Nov 03, 2008
drug war, law enforcement, Prohibition, victims
Every time I think the murder of 22-year-old Rachel Hoffman couldn't get more repulsive, new details emerge suggesting there's no end to the incompetence, recklessness, and misplaced values of the officers who caused her death.
The young woman – whom the Tallahassee Police Department recruited as a confidential informant after threatening her with a marijuana charge – was murdered by the drug dealers she'd been sent to ensnare in a sting operation.
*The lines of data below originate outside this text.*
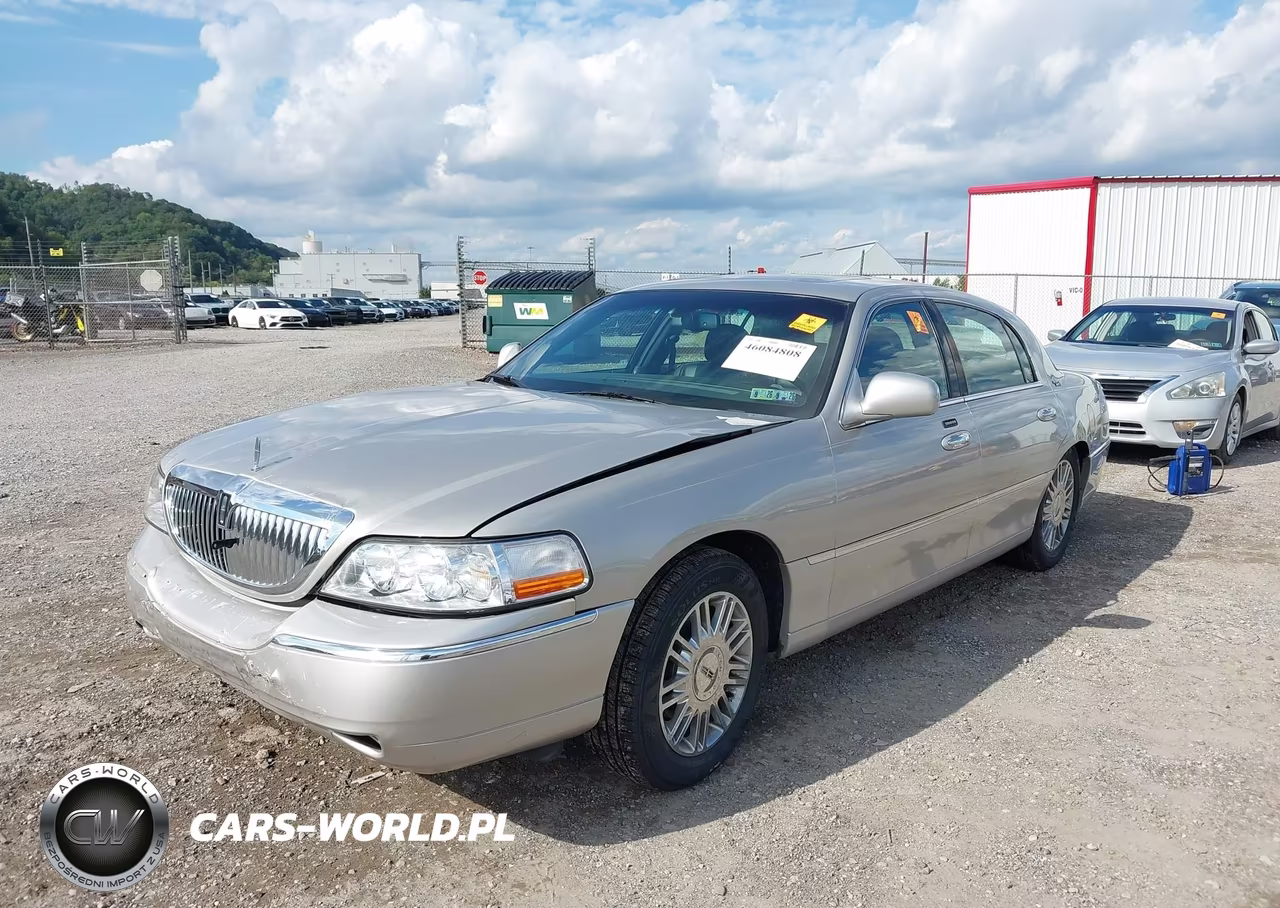 2006 Lincoln Town Car Signature Limited VIN:1LNHM82W16Y630140 - 2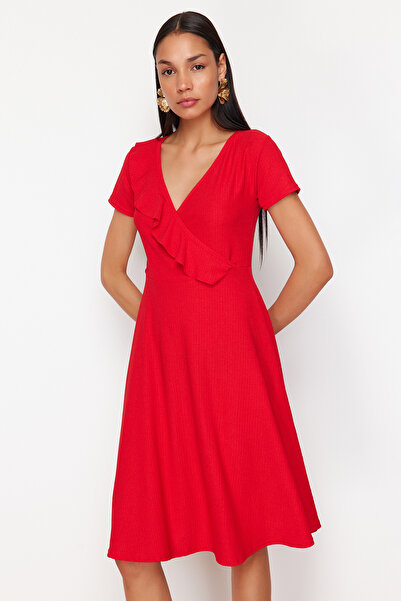 Trendyol Collection Rugalmas piros Midi kötött ruha - fodrokkal és duplasoros zárással, görkorcsolya gallér TWOSS24EL01068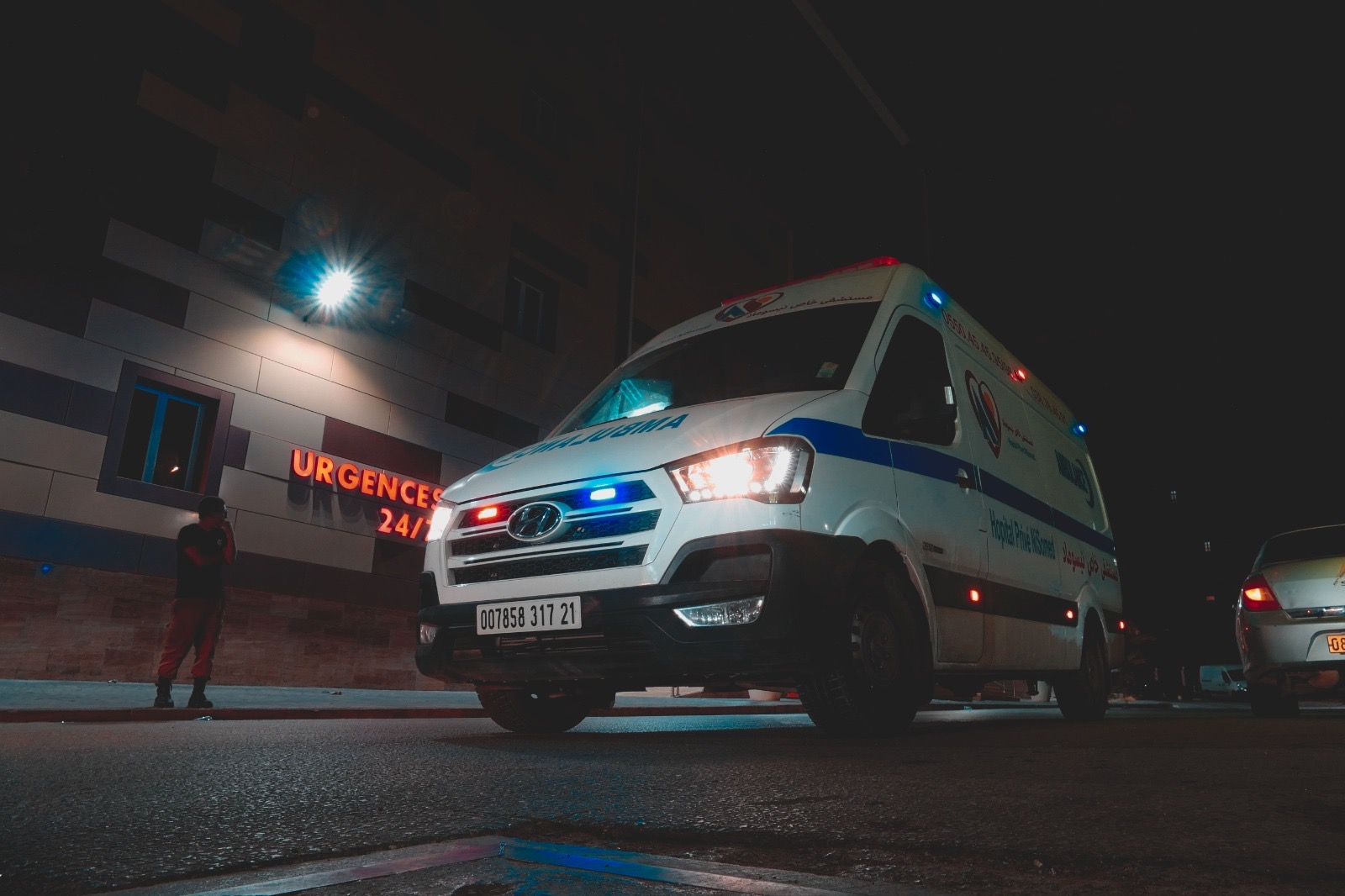 Ambulance de l'Hôpital Privé NiSomed devant le service des urgences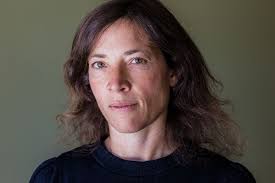 Sun, alcohol, body consciousness and pressure to have sex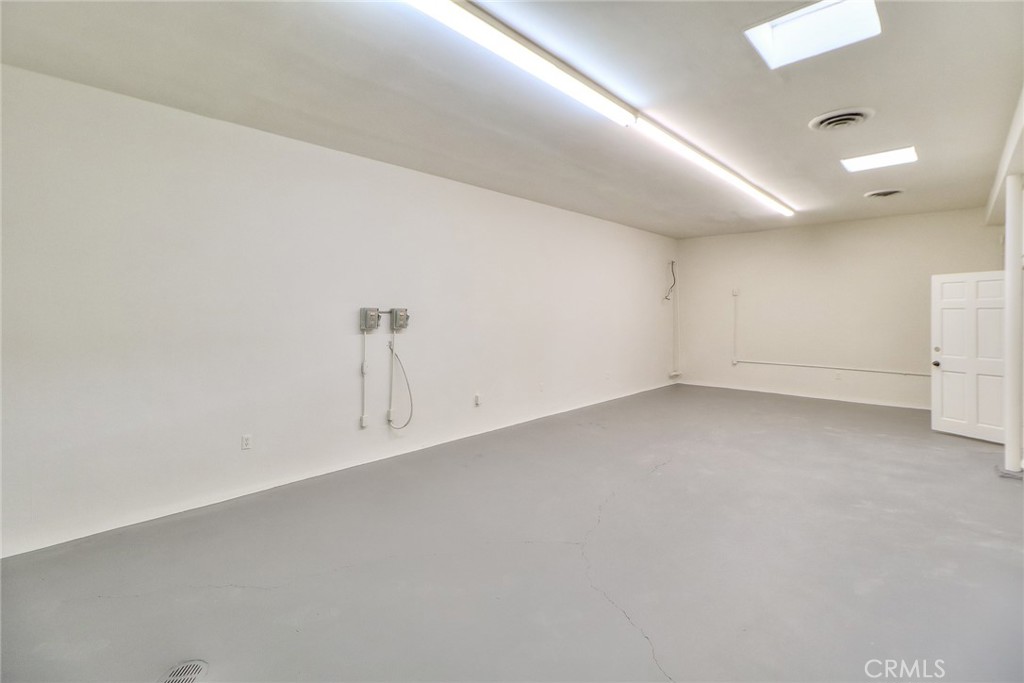 256 E Front Street Property Photo 39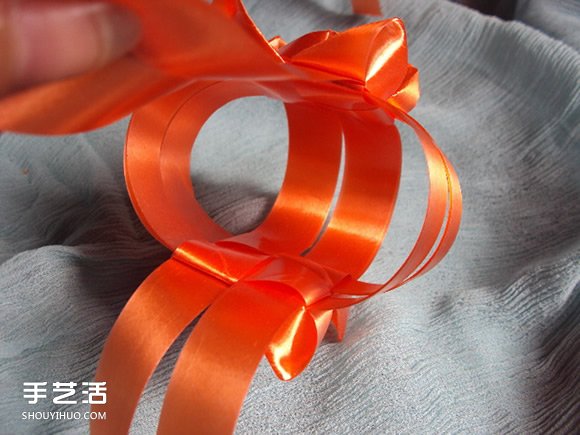 彩帶風(fēng)鈴制作圖解：星星/絲星蝶/圓環(huán)圈/燈籠 -  rpnrmr.com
One of the many confounding aspects of the case to me was why they would send Rachel to buy not just an uncharacteristically large amount of drugs, but a gun as well. She had never been in legal trouble for anything except a couple relatively low-level drug offenses mostly involving marijuana, and she had absolutely no history of violence.
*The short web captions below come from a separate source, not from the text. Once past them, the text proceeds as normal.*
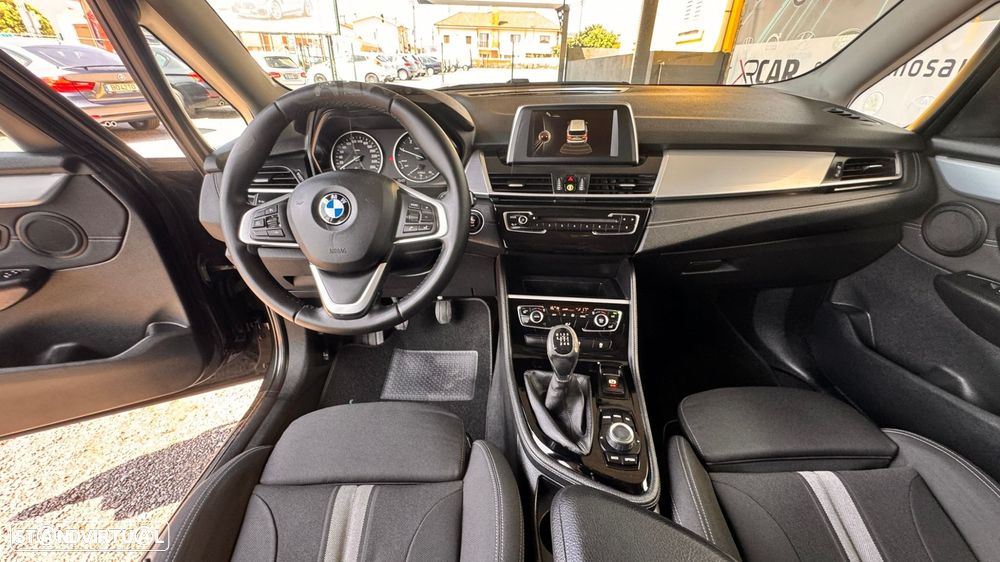 BMW 216 Gran Tourer d 7L Line Sport - 34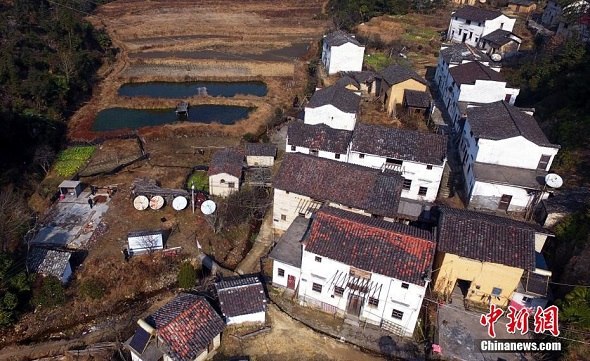 Aerial picture taken on Dec. 24, 2017 shows a traditional village in De Xing City, SE China's Jiangxi Province. (Photo/Chinanews.com)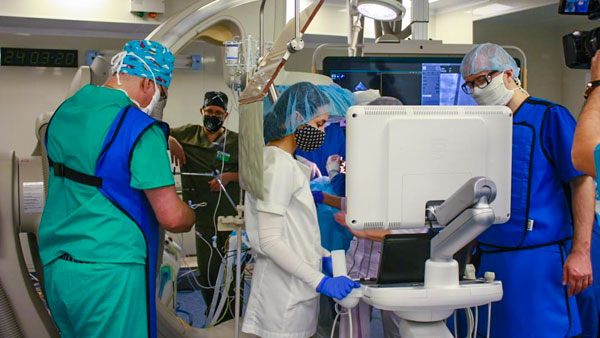 В Башкирии провели уникальную операцию при участии итальянского врача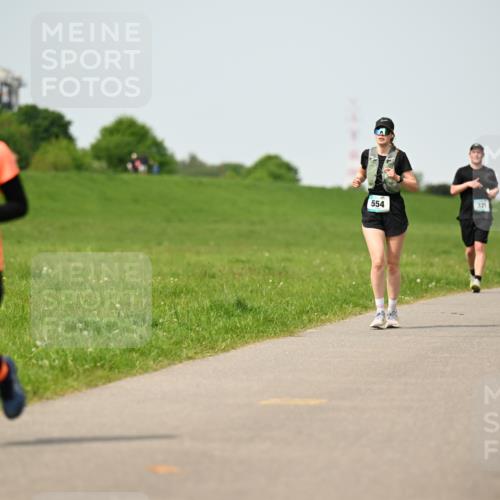 10.05.2026 - 8. Wedeler Halbmarathon Dr. Thomas Lammeyer http://msf.ph/oto/9711501 10.05.2026 12:06:37 Laufen 554, 321 meine-sportfotos.de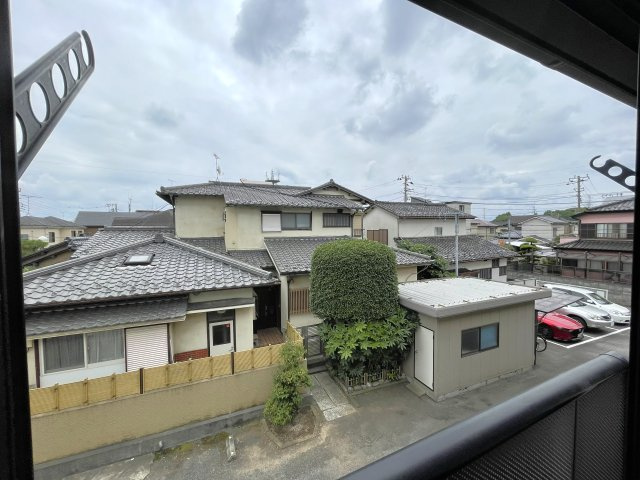 シャーメゾンオカムラの展望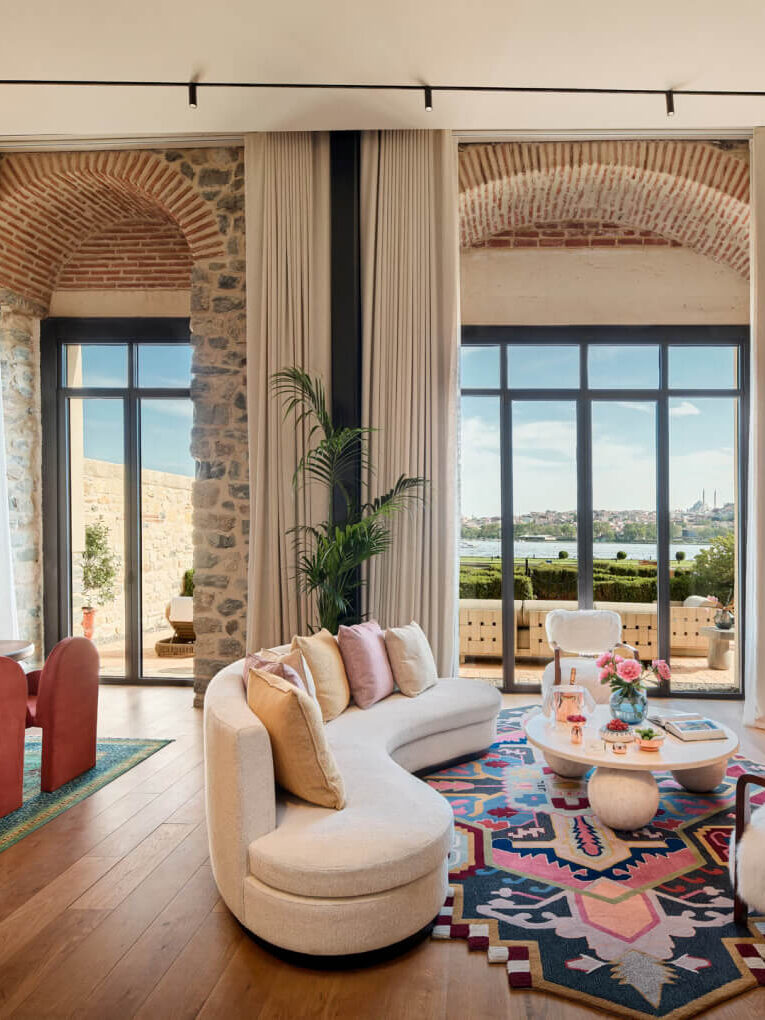 Tarihi Binalarıyla Ünlü İstanbul Otelleri Tarihi Binalarıyla Ünlü İstanbul Otelleri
It now appears she suggested purchasing the gun herself because the cops had led her to believe a more high-profile bust would mean the end of her obligations as a CI, and that she would then be allowed to move on with her life.
The officer supervising her CI activities also continues to stick to his dubious claim that Rachel was a big-time drug dealer making $26,000 a week, even though her friends say they never saw her with that kind of cash or drugs, and her dad still paid her rent. Curiously, the officer also said he trusted her with the money she was given for the sting operation because she was a "very religious, family-oriented girl," and that stealing would have been out of character for her.
I suspect that Rachel's handlers in the Tallahassee Police Department knew she wasn't really a criminal in any practical sense. She was just an unlucky soul who got caught up in the ridiculously wide net created by our marijuana laws. In our cruel system, that means those sworn to protect her were now entitled to exploit her, and that she had forfeited her claim to our most basic civil right: life.